The same is true when it comes to ethical labor practices. For example, when Selfridge’s department store shut its doors in March of 2020, the company also announced that it would continue paying employees. As a British icon, safeguarding the wellbeing of its local employees was critical. Meanwhile, in the US, the growth of the BLM movement brought attention to the lack of diversity in advertising and hiring at companies like Anthropologie. To satisfy their increasingly racially aware US customers, who demanded ethical treatment and fair representation, they would need to pivot their hiring and marketing practices.
Go Above and Beyond
Consumers are looking more closely than ever at what goes into the things they buy. However, they’re also looking more broadly at the people they buy from. Companies whose CEOs have expressed racism and homophobia can lose business, even when those values are irrelevant to the product or its production. On the other hand, brands have learned to earn customer loyalty by contributing where it’s needed, even when their contribution is irrelevant to their products.
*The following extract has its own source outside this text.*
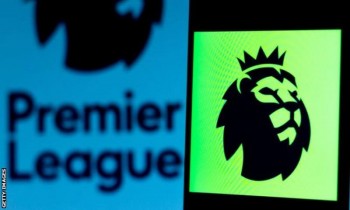 Premier League clubs committed to finishing season, but no deadline set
For example, Gucci’s Chime for Change program supports educational causes in Africa and Asia, while Cartier’s Women’s Initiative promotes female entrepreneurs from around the world.
Right for the World. Right for Business.
Creating an ethically and ecologically-sustainable business model is the right thing to do. It’s also the only financially viable option for the long term. Brands in every industry need to work toward sustainability and then they need to support their own efforts by communicating the work that they do to customers in their own language.
Both of these steps demand localization. Once you find out what sustainability initiatives are the most important in the markets where you operate, you’ll be ready to find the best way to get the message across.